HP Reports 8,000 New Vulnerabilities This Year
Earlier today at the RSA Conference 2013, HP reported that they had seen 8,000 new software vulnerabilities surface in 2012, close to a 20 percent increase over the previous year.
In their Cyber Risk Report, which has been seen by industry professionals as one of the most comprehensive evaluations of network security to look forward to annually, reports this is the highest number of backdoors that administrators have dealt with since 2006, and the the most common found so far have been cross-site scripting vulnerabilities in between major websites.
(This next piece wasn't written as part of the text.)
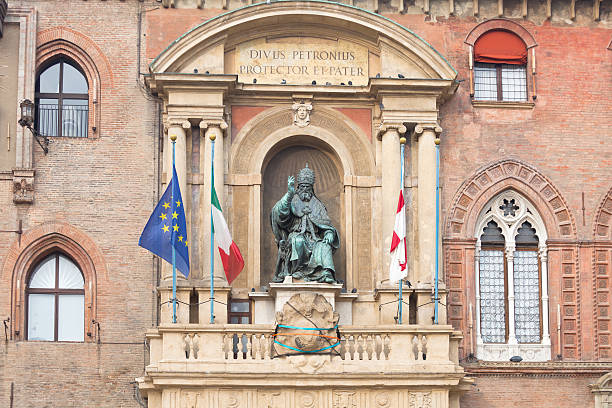 palazzo d'accursio a bologna - bologna italy medieval palace foto e immagini stock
This is a process wherein users are asked to use one login in order to verify another, and when properly hijacked it can give hackers full access to email accounts, Facebook, and many other secure servers simply by lifting your information as it passes between the two domains.
A perfect example of this is when you use Facebook to login to Spotify, even if it’s just to verify you aren’t trying to receive a second free trial. Phishing schemes drop in on the interactions the two servers are having through malware installed on the user’s computer, which then allow it to record any and all data transmissions that pass between each. The report estimates that up to 45 percent of all the security flaws found were of the cross-site scripting variety.
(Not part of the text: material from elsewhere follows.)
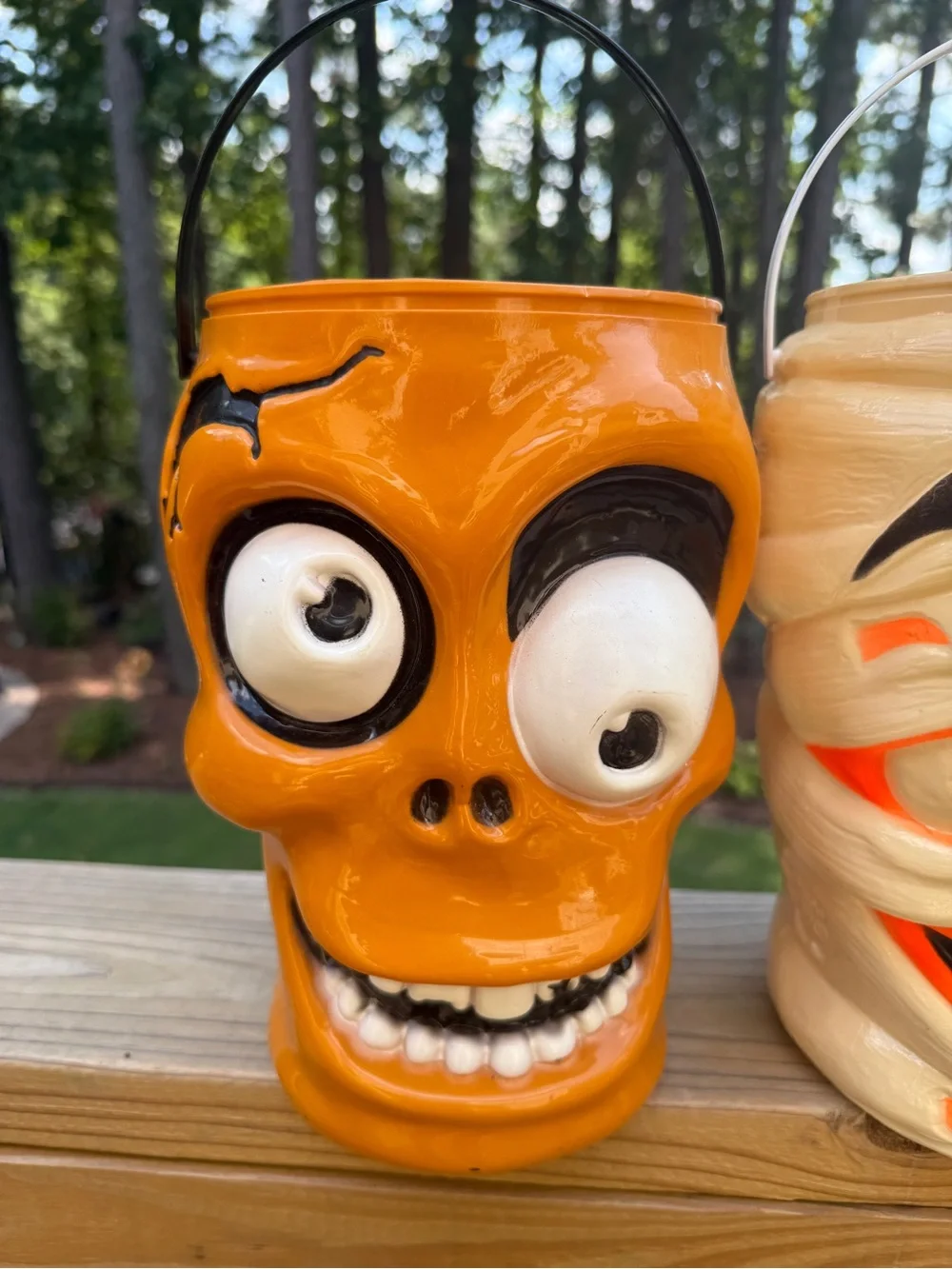 RARE! Chupa Chups collectible Halloween buckets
HP chief technology officer of enterprise security Jacob West told V3.co.uk that adapting to these threats is essential for the enterprise industry if they hope to stay one foot ahead of the competition this year.
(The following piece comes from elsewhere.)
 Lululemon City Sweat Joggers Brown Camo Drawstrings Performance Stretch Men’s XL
“Even when armed with the right security intelligence, organisations must still focus on understanding and controlling risk rather than ‘winning’ the battle against attackers.” Focusing on a more defeatist perception of preservation rather than eradication, he continued.
“Threats are a given, managing their impact to acceptable levels is the challenge enterprises must address.”
With SQL injection, denial of service, buffer overflow, and remote file vulnerabilities rounding out the rest of the list, it’s easy to see that security firms still have a long way to go before we reach a point where any device or software can truly be considered “secure” in the mobile marketplace.